Work request – In the data below, find the line with "The following features" and the line with "И последнее: читайте", then restate both and every line between them exactly, minus the pictures.

Data extract –
|---|
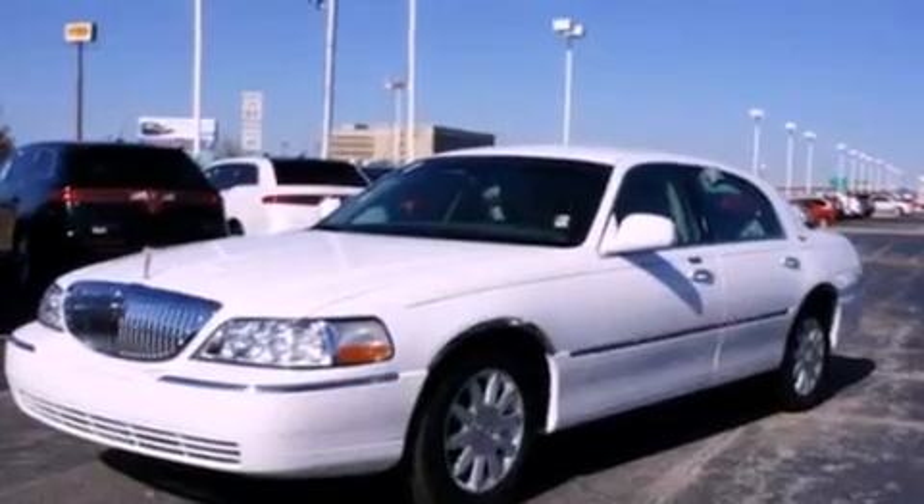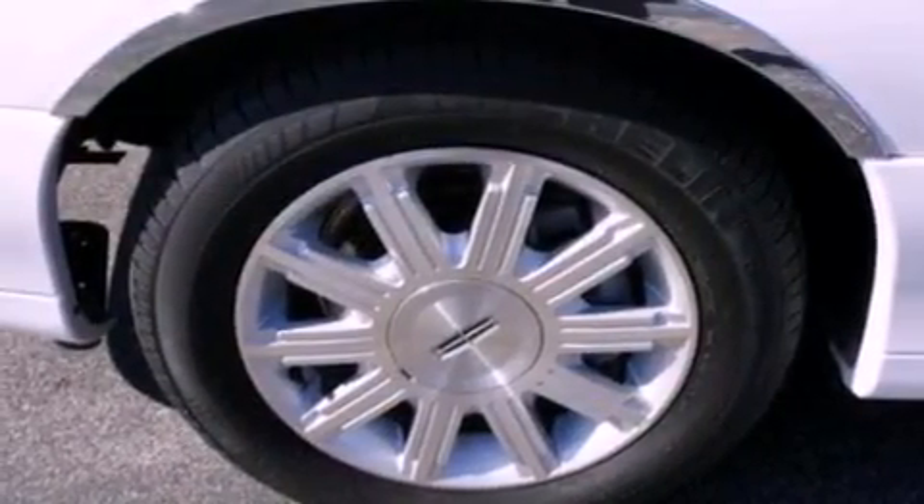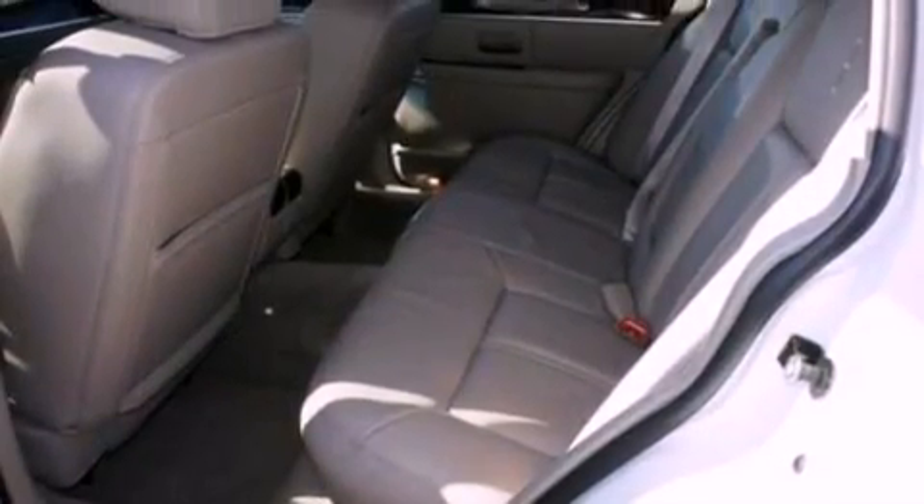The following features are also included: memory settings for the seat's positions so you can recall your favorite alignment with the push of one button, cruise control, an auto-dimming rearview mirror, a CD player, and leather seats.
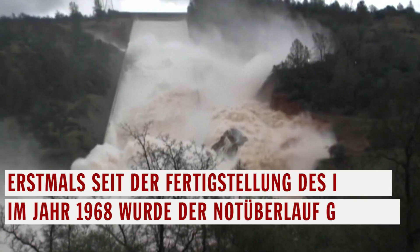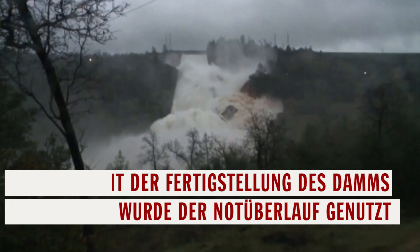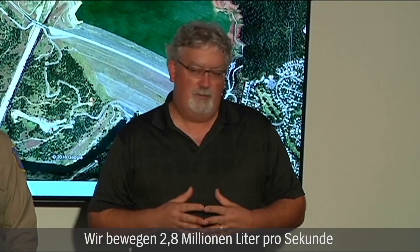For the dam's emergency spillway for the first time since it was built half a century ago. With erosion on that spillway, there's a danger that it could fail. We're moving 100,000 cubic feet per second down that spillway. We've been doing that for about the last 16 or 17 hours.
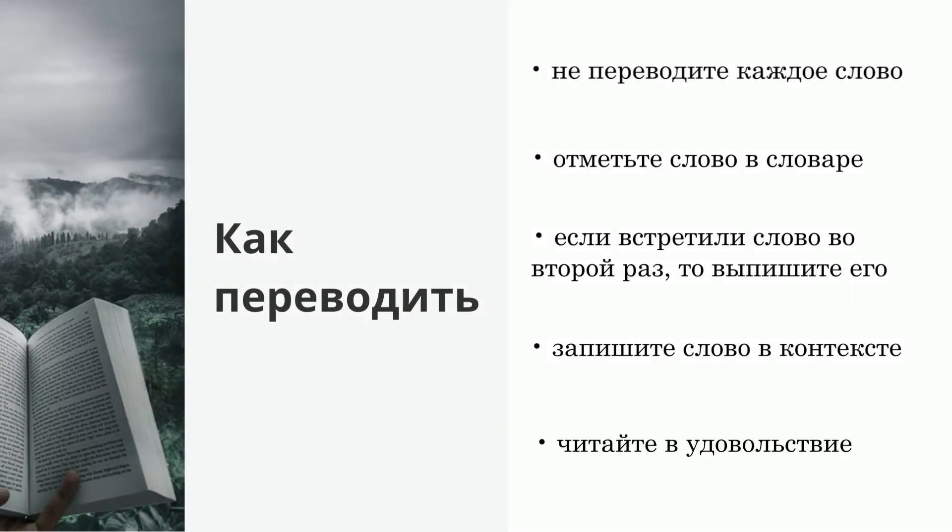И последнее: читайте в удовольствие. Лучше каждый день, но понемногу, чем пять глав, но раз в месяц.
|---|
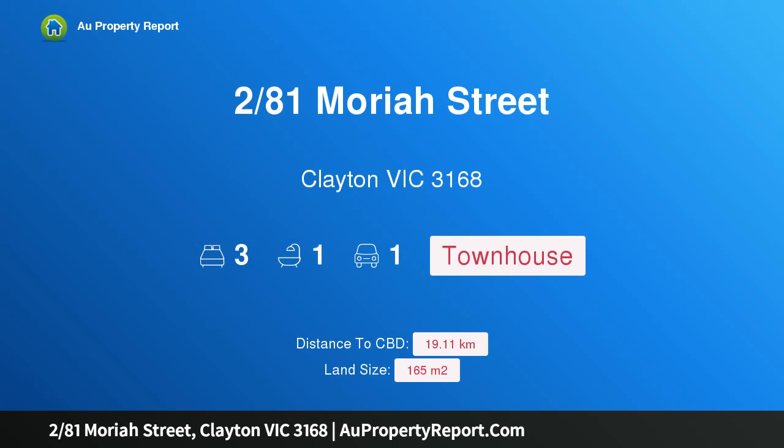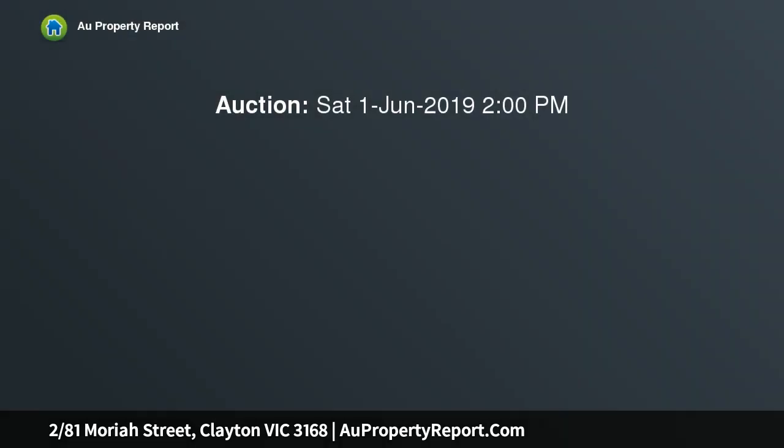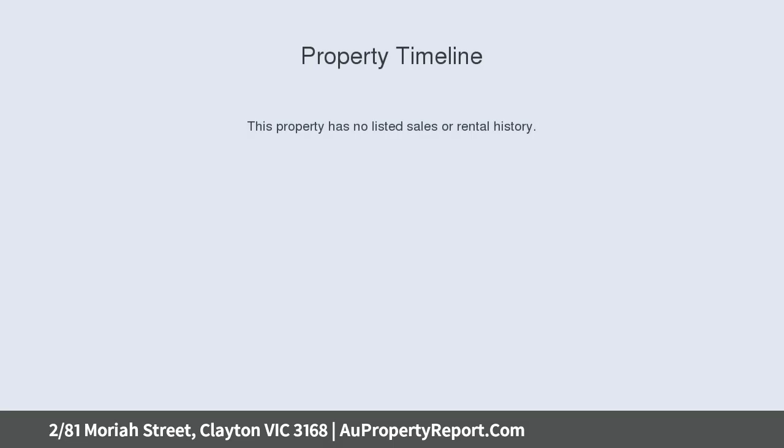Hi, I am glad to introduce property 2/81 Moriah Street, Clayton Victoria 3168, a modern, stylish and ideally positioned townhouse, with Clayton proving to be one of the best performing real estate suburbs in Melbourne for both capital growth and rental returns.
|---|
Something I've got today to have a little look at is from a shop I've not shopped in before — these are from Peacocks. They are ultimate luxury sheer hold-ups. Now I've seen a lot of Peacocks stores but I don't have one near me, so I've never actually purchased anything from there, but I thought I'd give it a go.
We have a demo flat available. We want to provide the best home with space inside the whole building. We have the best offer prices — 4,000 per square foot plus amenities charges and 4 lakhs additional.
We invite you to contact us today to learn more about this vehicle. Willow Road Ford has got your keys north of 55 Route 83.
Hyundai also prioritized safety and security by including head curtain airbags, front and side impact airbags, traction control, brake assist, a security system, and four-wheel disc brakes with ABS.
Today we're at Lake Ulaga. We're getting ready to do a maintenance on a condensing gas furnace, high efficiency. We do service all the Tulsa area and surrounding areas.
|---|
Result of this exercise –
The following features are also included: memory settings for the seat's positions so you can recall your favorite alignment with the push of one button, cruise control, an auto-dimming rearview mirror, a CD player, and leather seats.
For the dam's emergency spillway for the first time since it was built half a century ago. With erosion on that spillway, there's a danger that it could fail. We're moving 100,000 cubic feet per second down that spillway. We've been doing that for about the last 16 or 17 hours.
И последнее: читайте в удовольствие. Лучше каждый день, но понемногу, чем пять глав, но раз в месяц.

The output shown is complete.